= Texas Aeronautics Commission =

Former agency of the State of Texas (1945-1989)

The Texas Aeronautics Commission (TAC) was a Texas government body established in 1945 by the Texas Aeronautics Act with a remit to promote and establish aviation within Texas, including assisting with the construction of airports and other aviation infrastructure. Amendments to the act in the 1960s increased the size of the commission from three to six commissioners and broadened its role to include, among other things, acquiring land for airports and the economic regulation of intrastate airlines operating within Texas. Activities of the Commission were published in an annual report. The TAC was reorganized out of existence in 1989.

==Role in the foundation of Southwest Airlines==

The TAC played what might be its most prominent role in certifying and regulating Southwest Airlines as a Texas intrastate airline. For the first eight years of operation, Southwest flew solely within the state of Texas. In doing so, and taking certain other steps to minimize its participation in interstate commerce, it escaped then-tight Federal economic regulation. Without the alternative of TAC intrastate regulation, it is unlikely Southwest would have started at all, as Southwest was explicitly modeled on Pacific Southwest Airlines, a successful intrastate carrier operating within California. TAC oversight gave Southwest far more freedom to operate as it saw fit than did then Federal regulation.
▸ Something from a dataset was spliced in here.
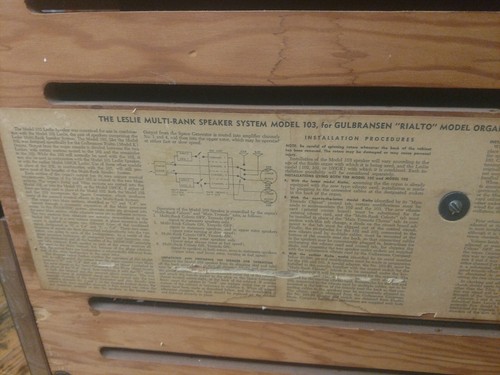 LESLIE multi-rank speaker model 103 CABINET Gulbransen Rialto Organ model k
TAC hearings for Southwest (then styled "Air Southwest") were held in 1967, and in February 1968, the TAC voted to grant the necessary certificate and give Southwest the economic right to fly between Dallas, Houston and San Antonio. There then followed two-to-three years of legal challenges to that decision, with Federally-regulated airlines flying within Texas determined to stop Southwest before it started. This included two successful appeals to the Texas Supreme Court on the part of Southwest and one unsuccessful appeal to the US Supreme Court by those determined to stop Southwest.

Under TAC economic oversight, Southwest successfully started operations in 1971 and expanded across Texas by 1978, from Harlingen in the south to El Paso in the west, growing from three aircraft to 13. By that time Southwest had come to dominate intra-Texas air travel, having dropped fares significantly and stimulated markets substantially.

Southwest's prominent success in Texas ultimately helped inspire the deregulation of the US airline industry starting in 1979. This would leave the TAC with no airlines to regulate, since under US deregulation, Federal economic airline regulation was effectively abolished. This meant there was no longer any advantage in being an intrastate carrier. Starting in 1979, Southwest converted its certificate from state to Federal and started the process of expanding outside of Texas.

==Demise==

The remaining functions of the TAC were reorganized into the new Texas Aviation Department in 1989, which in turn was folded into the Texas Department of Transportation in 1991 as the Aviation Division.